By the time Andrew's funeral was over, I learned that eleven hundred college-aged students die by suicide every year, and yet I'd never heard of this. Neither had anyone around me. Suicide started to look like one of the world best-kept secrets. In the weeks that followed, I realized that much like homosexuality, suicide needs to come out of the closet. In the meantime, places like Bobst for instance, that have a history of suicides, need to be made safe. And before you start arguing with me: "when people are determined to kill themselves, they find a way," I suggest reading about the British Coal Story to learn that suicide is not inevitable. When English ovens were powered by coal, a number of people each year died by sticking their heads in the oven and being poisoned by the fumes. When England switched from powering ovens with coal to other means, the suicide rate in the UK dropped. The same happened in Seattle when, after much debate, barriers were raised on the Ellington Bridge. Research showed that people didn't move to a different bridge, or a different oven, instead they went on living!
So, as we raise awareness and understanding, we raise the volume of the all too often muffled cry for help of the depressed, and the suicidal in our midst.

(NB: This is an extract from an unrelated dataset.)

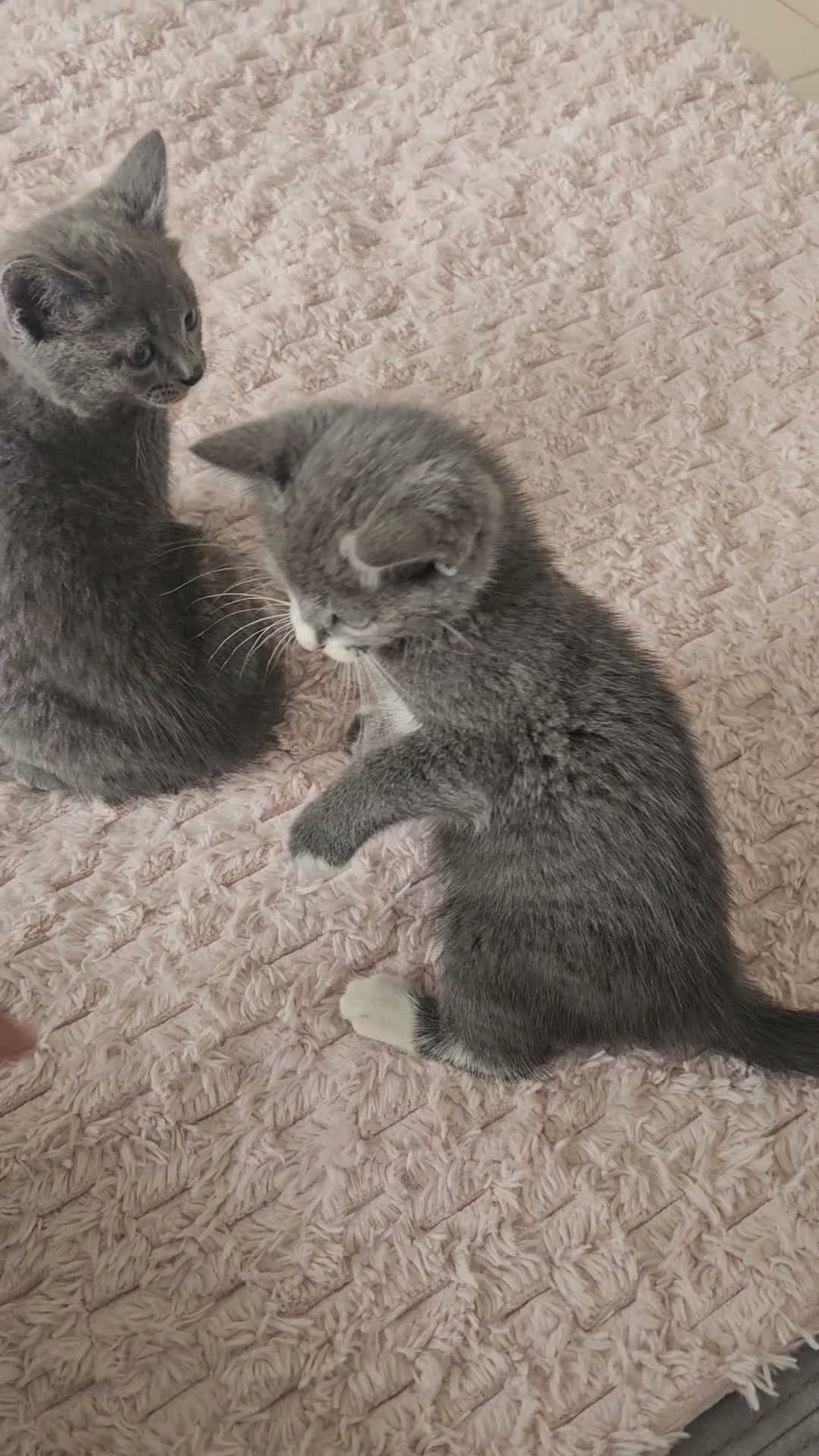 Mixed Breed cats for sale: Grey & white kittens * stunning  - Video 1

I advocate that stress reduction techniques such as yoga and meditation be taught in schools as an integral part of the curriculum. As well as being good for suppleness, balance and our muscles, yoga helps us draw our focus within, in turn facilitating the deep betha and theta state of meditation during which the pineal glands secret potent healing hormones. A half hour of this regime every day and we wouldn't need to argue about the health care bill!
Let's also bring such life saving training into our schools that teaches both students and teachers, how to know when suicide is in the room and how to kill in the bud before it kills someone.

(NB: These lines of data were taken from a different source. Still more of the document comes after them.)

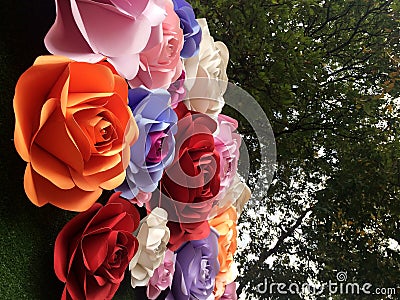 Hand crafted variety colourful cardboard paper roses flowers Stock Photo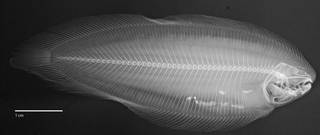 To NMNH Extant Collection (Phyllichthys sclerolepis USNM 327937 radiograph)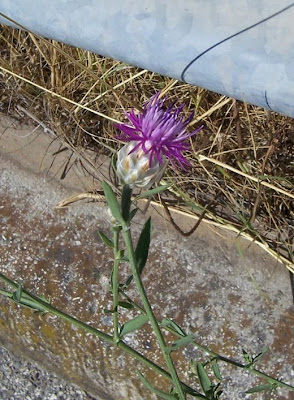 Centaurea deusta,
Fiordaliso cicalino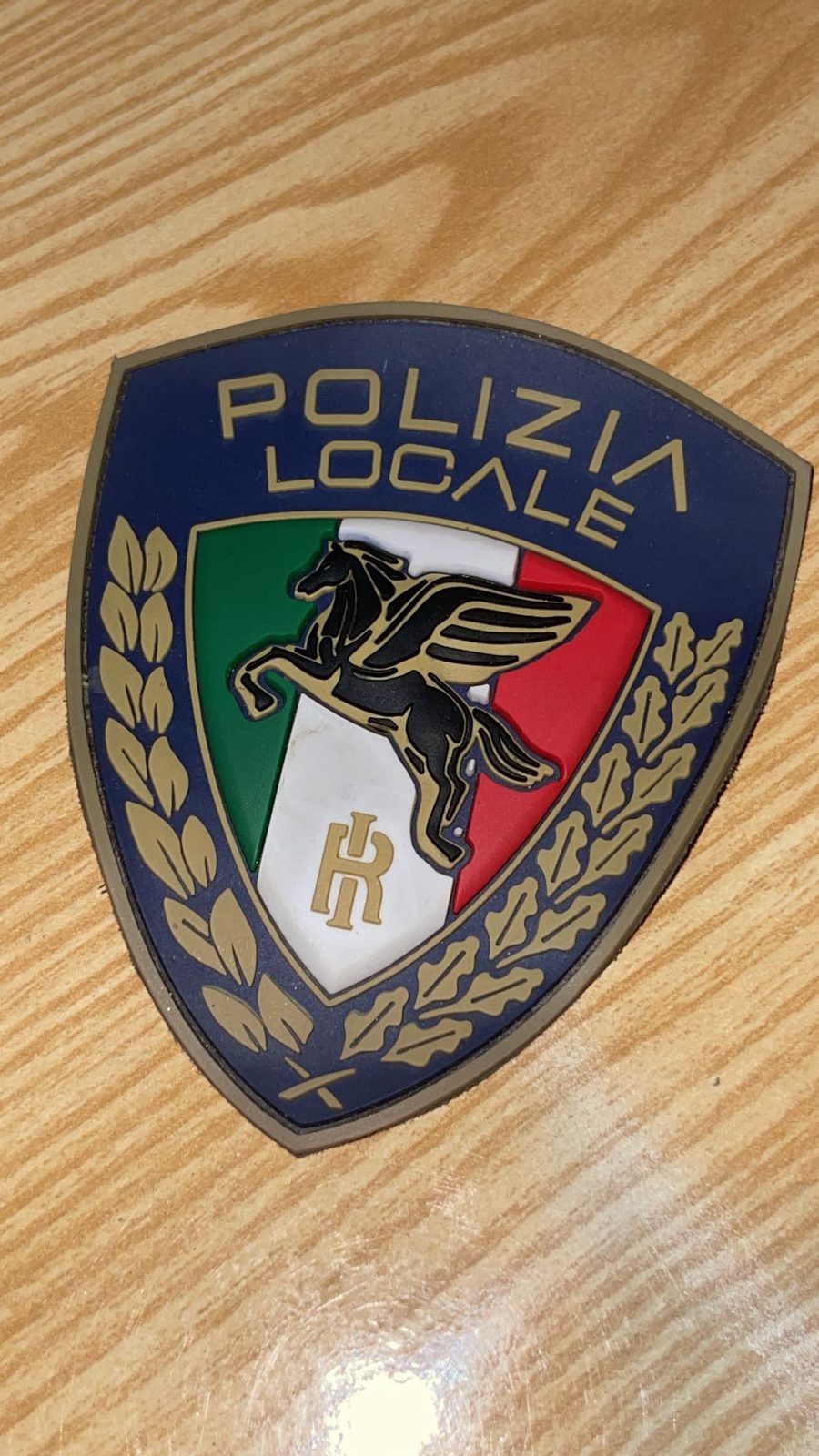 Shield-shaped PVC patch with a crest design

And while you are at it, please pencil in Sept. 28, 2009 in your diary, the day of
The Get Your Wellness On! Suicide Awareness & Prevention Fair.
At the Fair we will teach simple yoga and other stress reduction techniques such as massage. We will bring together Eastern and Western models of health, education and communication. One of the Fair committee members is a Yoga instructor and an extraordinary woman, who, fifteen years ago, attempted suicide. She was saved, and she agrees on all of the above, and she should know, right?
More details on my blog: www.foreverinvictus.com
So, go on, give this some thought.
While I will cry this Mother's Day even more than I cry every day, knowing that I am doing all I can, to turn my son's death into a shining beacon of light for others, makes the tears that bit sweeter.
Happy Mother's Day to my fellow survivors and to all Mothers.